2007/05/25

我々は皆「親の子」 - 相手のことを忖度しよう!! -

 一番「処置」に困るのは、頭の悪い「自信家」である。筆者もその部類に入るのかも知れないが、回りにはもっともっとヒドイのがいる。

 人間の頭の良し悪しは別段、学校の成績なんかで決まるものではない。要は相手の立場、心境を慮る「想像力」と言い換えても差し支えないだろう。

 難しい漢字の読みだが、「忖度」(そんたく)という言葉がある。広辞苑で引くと「他人の心中をおしはかること」とある。

 もっと言い換えるなら「思いやり」だろうか。それは人間関係の緩衝材であり、観光地でやたらと使われたがる「おもてなし」の精神にも通じる。

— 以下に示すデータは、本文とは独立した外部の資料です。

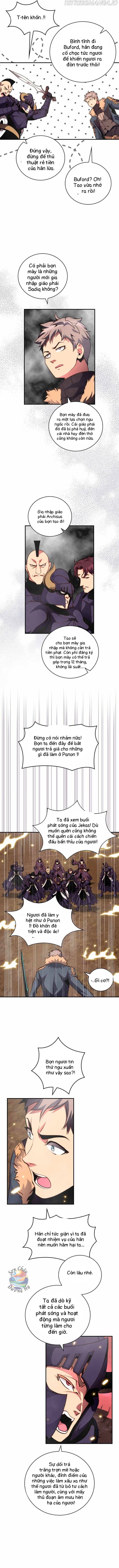 Ta Sinh Ra Để Làm Người Vĩ Đại: Chapter 140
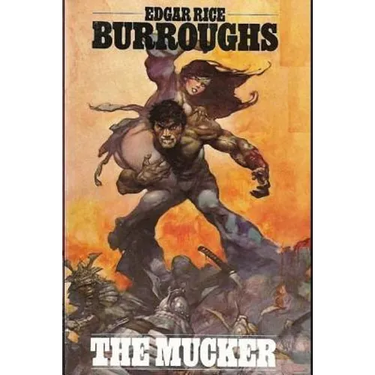 The Mucker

 果たして、職場や環境等が異なる中で、しっかりと「思いやり」の精神が発揮されているかどうか、それぞれ冷静になって問い直す必要があろう。

 本人からすれば、何げない発言が、時として許し難き「暴言」として受け止められることも。つまりは「お前さんにシタリ顔して、そこまで言われる謂れはないよ!!」と。

 自分は「安全圏」に身を置きながら、賢しげに「批判」ばかりする輩も何と多いことか。他人のことを批判するくらいなら、リスクを背負って、自分で実際にやってみたらいい。

 人間は一定の「地位」や「名誉」(のようなもの)を手に入れたら、自分独りの力で為しえたもの、とよく勘違いする。そして愚かにも、自らの非を省みることもなく、自信満々で的外れな発言をする。

 実るほど頭を垂れる稲穂かな - 。本当に賢い人は、どんなに偉くなっても、世間から一定評価を得ようとも、どこか一歩引いた言動に終始するものだ。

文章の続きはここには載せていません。